In fact, the report points out that spending at the local government level had fallen from 10pc in 2005 to 5pc by 2011; it has remained stuck at this number. For the sake of contrast, India spends 12pc at the LG level, Nepal 24pc and China 74pc. In other words, regardless of when LGs were introduced in the provinces and whether or not elections were held regularly, they have remained limited financially. It seems as if the provinces which have jealously guarded their own share of the NFC from the centre have also protected it equally passionately from the local level.
The report mentions that because devolution did not expand further, the 18th Amendment has made the financial burden at the federal level excessive, while the provinces have little reason to improve governance or delivery. This is not to say, however, that the federal government is blameless; it has not made any effort to reduce its expenses and has, in fact, added to the salary bill, despite the devolution of a number of ministries to the provinces. The number of employees of the devolved ministries has stayed around 25,000 since the amendment was passed. The report says that employment in the non-devolved ministries has increased by 85pc. Both the federal and provincial levels have continued to hire at a breathtaking speed.
The report goes on to talk about problem areas such as the lack of accountability or the gap between taxation and revenue. It has focused on financial and delivery issues and not really discussed the political side of it for obvious reasons. But for those of us who understand very little economics and find politics easier, the 18th Amendment had an extraordinary effect on the politics of the country.
The 18th Amendment, which was aimed at boosting democracy, ended up weakening it in some ways.
The first rather obvious impact is that, other than Balochistan, the 18th Amendment consolidated the rule of three parties in the three provinces — the PTI in KP, the PPP in Sindh and the PML-N in Punjab.
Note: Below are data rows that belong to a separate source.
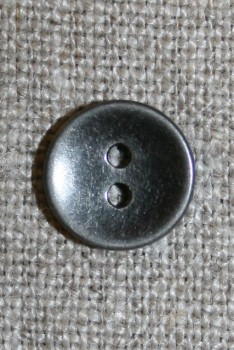 2-huls knap sort/sølv, 11 mm.
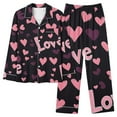 thumbnail image 6 of Iyufng Valentines Day Pajama Sets for Women Plus Size,Womens Pajama Sets Long Sleeve,Casual Fashion Valentine's Day Printed V-Neck Lapel Sleepwear Sets (Top+Pants) S-XXL, 6 of 6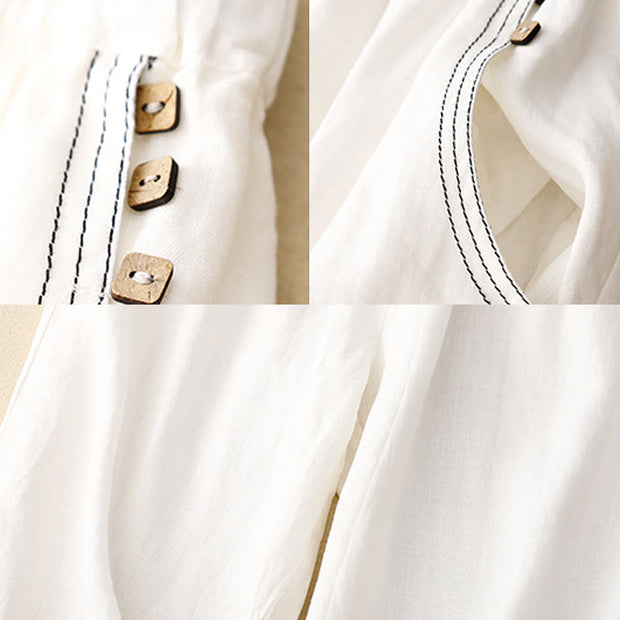 Buddha Stones Commute Casual Pure Color Buttons Design 7-8 Length Women's Harem Cotton Pants With Pockets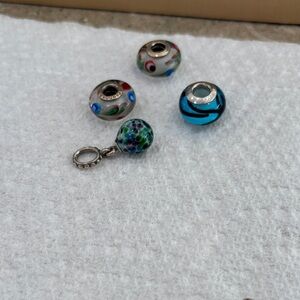 Elegant Multicolor Pandora Murano glass Charm Set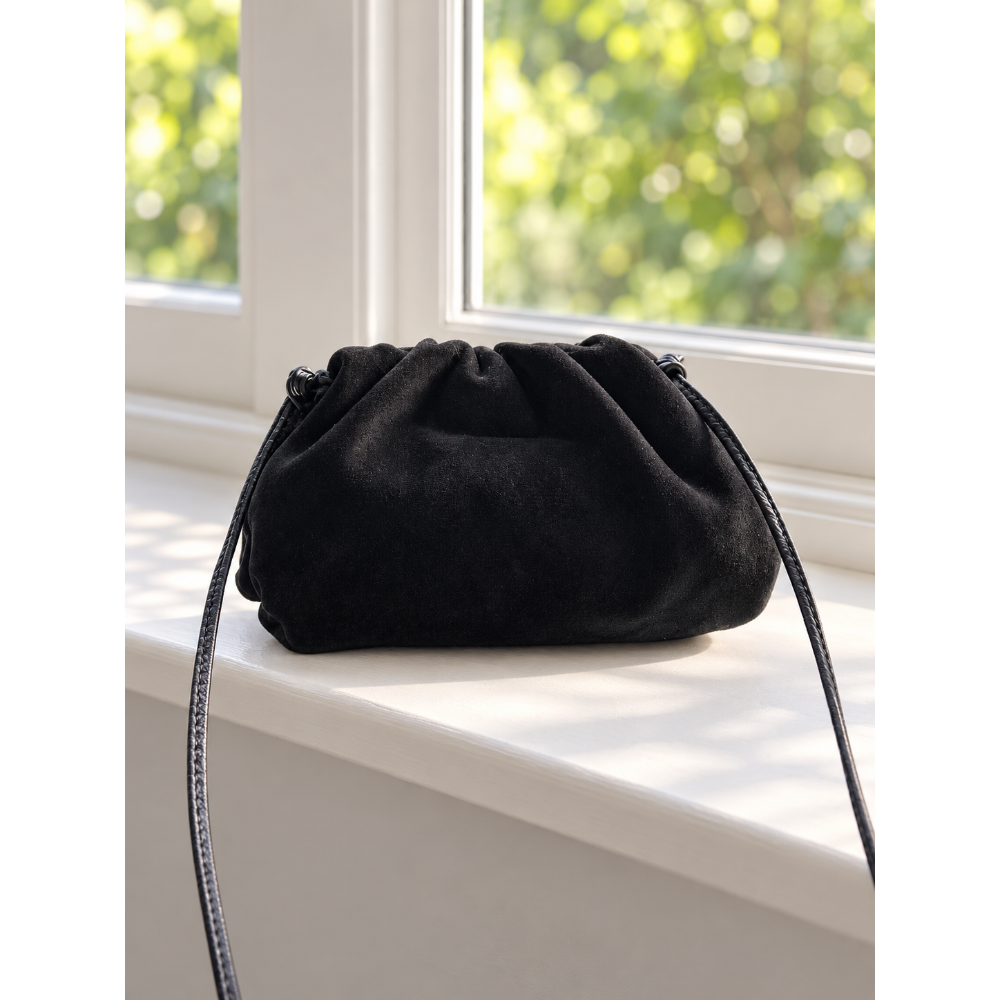 The Suede Cloud Bag Black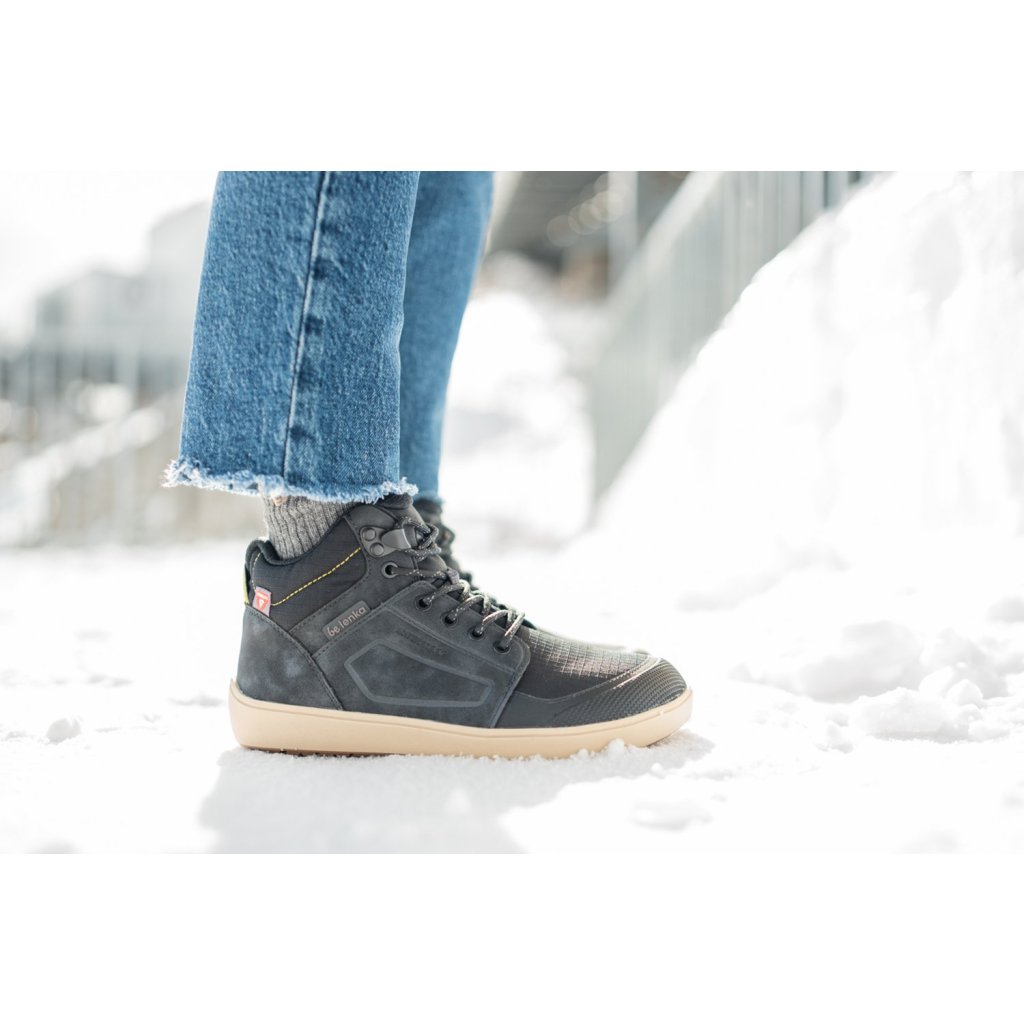 Be Lenka ArcticEdge Charcoal Black Barfußstiefeletten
One can go so far as to say that the amendment has allowed the political parties to entrench themselves in their respective provinces by establishing patronage-based systems. This is why the only time there is a threat to their presence or ‘popularity’ is when there is a civil-military rift. This is why the 2018 election led to a change in Punjab. The point here is not to say that the people will never vote for change but just that the systems set up in each province will not yield easily to a change of parties.
Second, to some extent the 18th Amendment left the two traditional parties little reason to preserve their federal nature. Unlike the 1990s, when the PPP and PML-N strived hard to guard their political space outside their main provinces — the PML-N took an interest in Sindh and parts of the KP while the PPP was a significant player in KP and Punjab — the amendment simply shrank their political horizons.
The PPP is willing to make any compromise possible as long as it retains Sindh. Consider that the party has been unwilling to share funds with the former Fata region even though the security situation in KP can and will spill over into the rest of the country. The party’s efforts to mobilise in Punjab or KP since 2008 have been cosmetic and superficial. No one takes it seriously, not even the party’s own provincial leadership. The PML-N has behaved no differently, focusing federal spending on building road networks in Punjab or putting up a coal power plant in the province. Where it once had senior people leading the party in provinces such as Sindh, it now has no electable face present.
It is worth pointing out that this deliberate ‘shrinking’ also created the vacuum which led to the rise of the PTI; the voters wanting a choice in Sindh or Punjab had no option but to look for a third option because the older parties were no longer interested. This can be one factor behind the popularity of the PTI.
Third, the amendment has also allowed all three parties to turn the provinces into fiefdoms. What this means is that MNAs and MPAs are now entirely dependent on the party ruling the province that they belong to. No longer can they survive with the assistance or support of a party that perhaps is not in a position to win the provincial assembly. This is evident in the manner in which anti-PPP pockets in Sindh have joined the party, as well as in the inability of any electable to survive outside the PTI umbrella in KP. This also means that the politicians are so dependent on the party that there can be no dissent or difference of opinion. Indeed, the 18th Amendment, which was aimed at strengthening democracy or provincial rights, ironically ended up weakening it in some ways.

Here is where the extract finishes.